One of the key research goals of the Feeley Lab is to understand how species are responding to climate change, with particular focus on tree species. Global warming is increasing a worldwide trend of warm-adapted species dominance, a process known as “thermophilization”. However, the mechanisms for themophilization remain poorly understood and the process often lags behind climatic warming, with some studies even indicating little to no response.
A recent study published in PNAS (de Frenne et. al. 2013) has highlighted the importance of canopy density in buffering climatic warming for sub-canopy plant species, therefore slowing the process of thermophilization.

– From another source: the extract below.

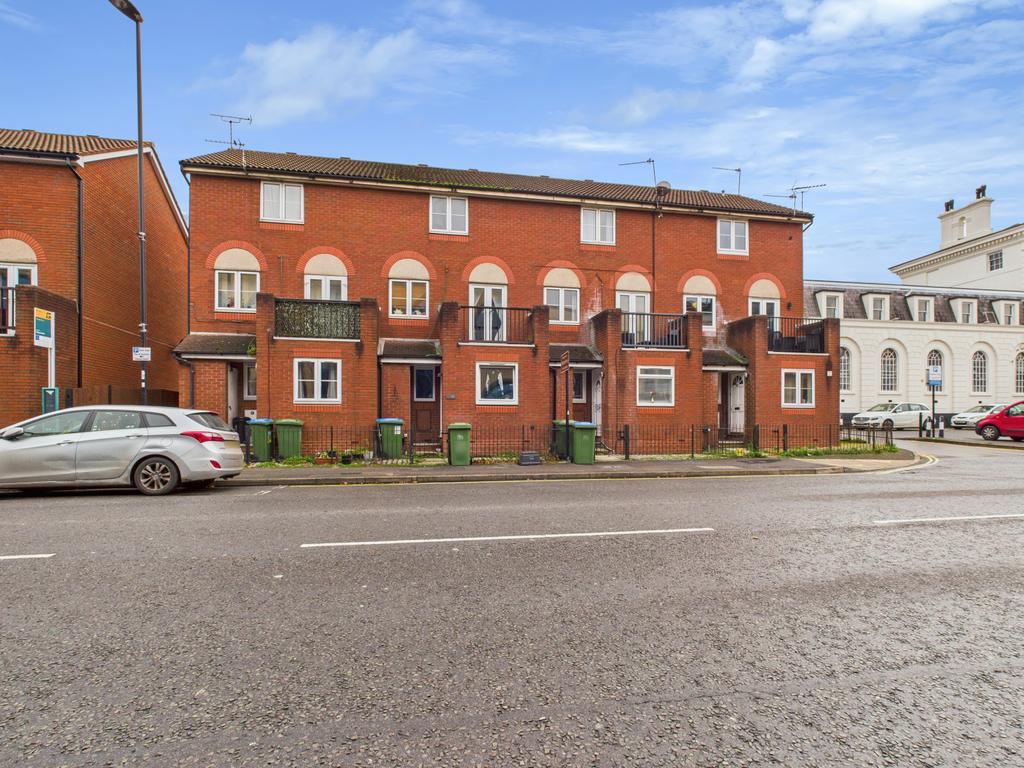 2 Bedroom Maisonette for Rent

Using a database of >1,400 resurveyed vegetation plots in forests across Europe and North America, this study provides empirical evidence for significant thermophilization of understory vegetation. However, the extent of thermophilization was buffered in forests with dense canopies. Forests with dense canopies create a microclimate that protects species that are less warm-tolerant. De Frenne et. al. present data suggesting a relationship between canopy density and thermal tolerance of sub-canopy species; denser canopies favoured cooler plants.They added that these conditions could be a “critical mechanism” in the conservation of forest plant diversity.This sub-canopy microclimate effect is likely due to increased shading during the growing season in denser forests, which leads to cooler forest-floor temperatures. This effect may be increasing as the number of forests stands increase across the temperate zones.
This provides some useful insights into conservation management practices; is it better to fell entire areas (therefore maintain density where canopy persists) or to selectively log (which conserves large areas but disrupts canopy density).